# Goal 

I will test BigQuery upload feature with Parquet file. (This parquet file is downloaded from https://github.com/Teradata/kylo/blob/master/samples/sample-data/parquet/userdata1.parquet)

BigQuery tries to detect schema information when to load Parquet format. 

I will show you how to make predefined schema before to load Parquet format. 

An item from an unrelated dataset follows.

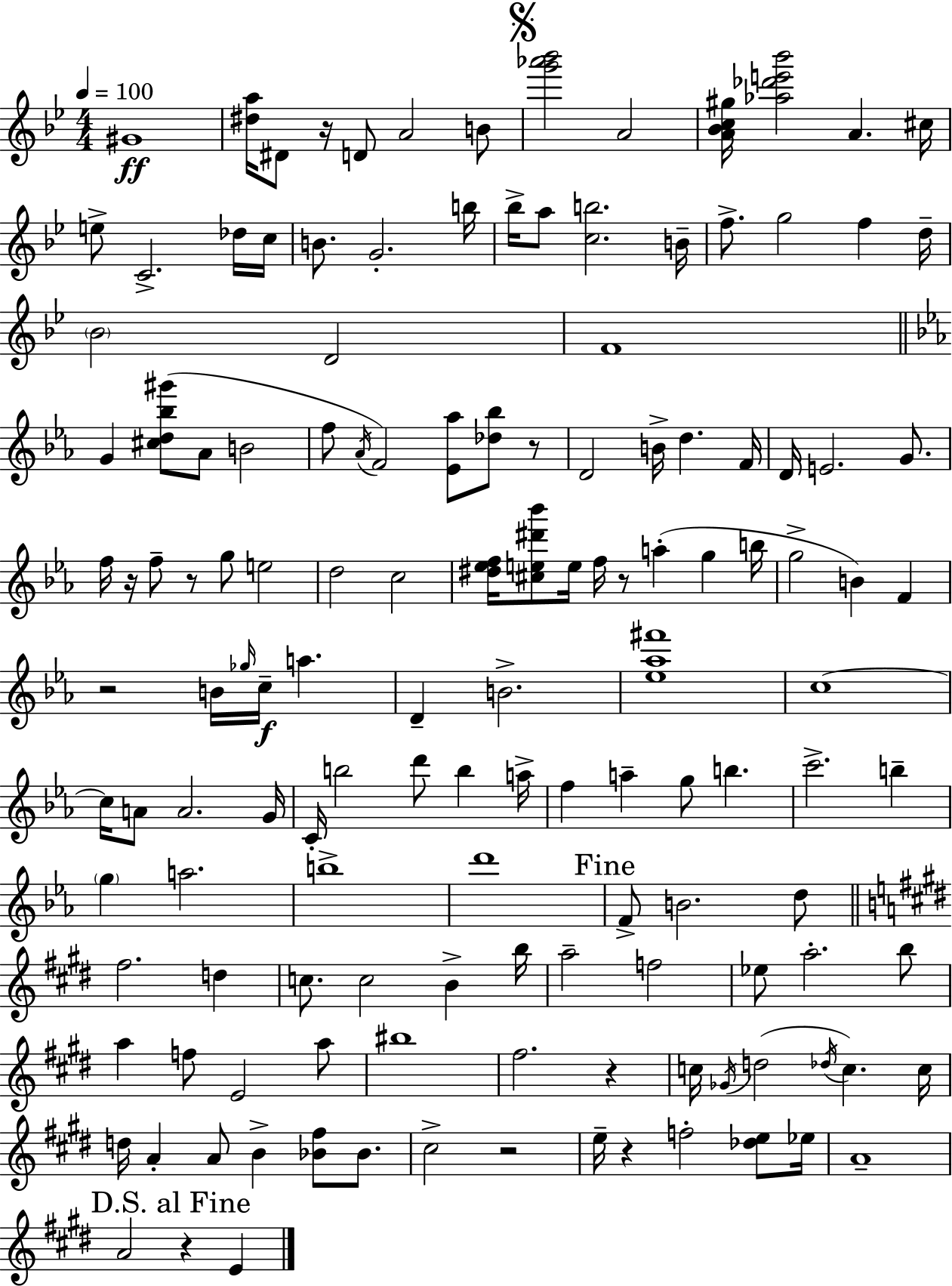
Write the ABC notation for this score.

| column#		| column_name	 |	hive_datatype |
|-----------|--------------|----------------|
|1		|registration_dttm 	|timestamp|
|2		|id 			|int|
|3		|first_name 		|string|
|4		|last_name 		|string|
|5		|email 			|string|
|6		|gender 			|string|
|7		|ip_address 		|string|
|8		|cc 			|string|
|9		|country 		|string|
|10		|birthdate 		|string|
|11		|salary 			|double|
|12		|title 			|string|
|13		|comments 		|string|


In [16]:
#! pip3 install google.cloud
#! pip3 install google.cloud.storage
#! pip3 install google.cloud.bigquery

import os
os.environ["GOOGLE_APPLICATION_CREDENTIALS"] = "<set your credential file path>"



In [22]:
# Load parquest to GCS

import os
from google.cloud import storage

# Create a bucket if it doesn't exist
bucket_name = "bigquery_parquet_upload_test_seoul"

storage_client = storage.Client()

bucket = storage_client.bucket(bucket_name)
if not bucket.exists():
    bucket.create(location="asia-northeast3")

# Upload a file to the bucket
file_name = "userdata1.parquet"
source_file_path = "../resources/" + file_name

blob = bucket.blob(file_name)
if not blob.exists():
  blob.upload_from_filename(source_file_path)
  print(f"File {file_name} uploaded to {bucket_name}.")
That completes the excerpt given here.